Литмир - Электронная Библиотека

Хрущев тоже вздохнул с облегчением. Он стал веселее, возобновил свои утренние прогулки, подбадривал себя фразой: «Ну вот, свозили туда-сюда ракеты, а своего добились…»

В те дни в Вашингтоне гастролировал балет Большого театра. На один из спектаклей, в котором танцевала Майя Плисецкая, пришел президент с женой. Майя Михайловна вспоминает, что в этот вечер американская публика принимала спектакль с воодушевлением. Ушел страх ядерной войны.

Хрущев и Кеннеди, по-видимому, поняли, что завязывать такие сложные узлы, как случилось вокруг Кубы, слишком опасно. Еще не были произнесены слова о том, что в ядерной войне не может быть победителей, но к осознанию этого факта после Карибского кризиса мир начал двигаться с большей скоростью…

Наш корреспондент Владимир Кривошеев, вернувшись с Кубы, рассказал, как стараниями капитана они избежали встречи с военными кораблями, блокировавшими остров. Поначалу нашему товарищу показалось странным поведение капитана. Он явно не торопился доставить груз вовремя. Заворачивал в порты для ремонта двигателей, хотя они работали исправно. Сбавляя скорость, проводил в океане то шлюпочные, то пожарные учения. Кривошеев не выдержал и, гонимый журналистским нетерпением, обратился к капитану с вопросом: «Отчего судно ползет так медленно?» Капитан позвал журналиста в кают-компанию, плотно прикрыл дверь и показал телеграммы, принятые радистом. Только тут Кривошеев узнал, что творилось вокруг Кубы. «Вы, молодой человек, — сказал он Кривошееву, — находитесь на судне, которое везет пшеницу. Но дело в том, что предыдущим рейсом мы тащили ракету. Вот почему американские военные самолеты так часто облетают наш мирный пароход. Как говорится, тише едешь — дальше будешь».

Когда сухогруз подходил к Гаване, дымы военных кораблей США виднелись только по горизонту.

К удивлению Владимира, в порту советское судно оказалось под номером 28. Торговые моряки многих стран мира продолжали свои рейсы и сквозь строй американских военных кораблей. Правда, они не доставляли на Кубу ракет, им нечего было бояться…
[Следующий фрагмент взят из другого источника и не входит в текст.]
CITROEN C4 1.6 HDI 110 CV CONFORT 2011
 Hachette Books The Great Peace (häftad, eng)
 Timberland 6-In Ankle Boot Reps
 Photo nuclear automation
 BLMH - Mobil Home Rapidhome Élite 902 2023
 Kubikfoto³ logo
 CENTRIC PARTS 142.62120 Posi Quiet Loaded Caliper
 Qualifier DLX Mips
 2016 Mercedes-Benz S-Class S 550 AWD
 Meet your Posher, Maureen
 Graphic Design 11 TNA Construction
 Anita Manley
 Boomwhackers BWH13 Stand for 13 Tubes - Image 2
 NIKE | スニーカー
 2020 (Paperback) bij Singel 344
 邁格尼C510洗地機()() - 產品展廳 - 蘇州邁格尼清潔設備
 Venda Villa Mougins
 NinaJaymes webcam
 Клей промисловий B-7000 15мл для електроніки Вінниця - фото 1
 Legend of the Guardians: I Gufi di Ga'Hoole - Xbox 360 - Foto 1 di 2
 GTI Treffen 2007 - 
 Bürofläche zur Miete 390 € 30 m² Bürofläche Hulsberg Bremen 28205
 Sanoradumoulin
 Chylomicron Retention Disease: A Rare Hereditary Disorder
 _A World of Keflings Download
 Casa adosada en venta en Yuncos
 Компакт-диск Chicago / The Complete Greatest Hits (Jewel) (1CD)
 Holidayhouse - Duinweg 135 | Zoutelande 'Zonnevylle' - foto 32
Ловили рыбу в те же дни и советские рыболовные траулеры. Деревянные суденышки (только носовая часть корпуса у них обита для прочности стальным листом) забрасывали сети под боком у американских эсминцев. Один из них двинулся в сторону нашего тральщика с требованием отвернуть. Тот не подчинился команде — за бортом был трал. Подняли сигнал — у нас рыба. Американские моряки сменили курс.

Уступки возможны не только на высшем уровне…

Аудиенция

Весной 1963 года по приглашению общества «Италия — СССР» я был в Риме. Вот-вот в Италии должна была начаться предвыборная кампания, политическая атмосфера в стране накалялась. Каждая строка в газетах, каждая публикация так или иначе «работала» на предстоящие выборы. С тем большим интересом отнеслись не только в Риме, но и далеко за его пределами к сообщению, появившемуся в итальянских газетах в первые дни марта.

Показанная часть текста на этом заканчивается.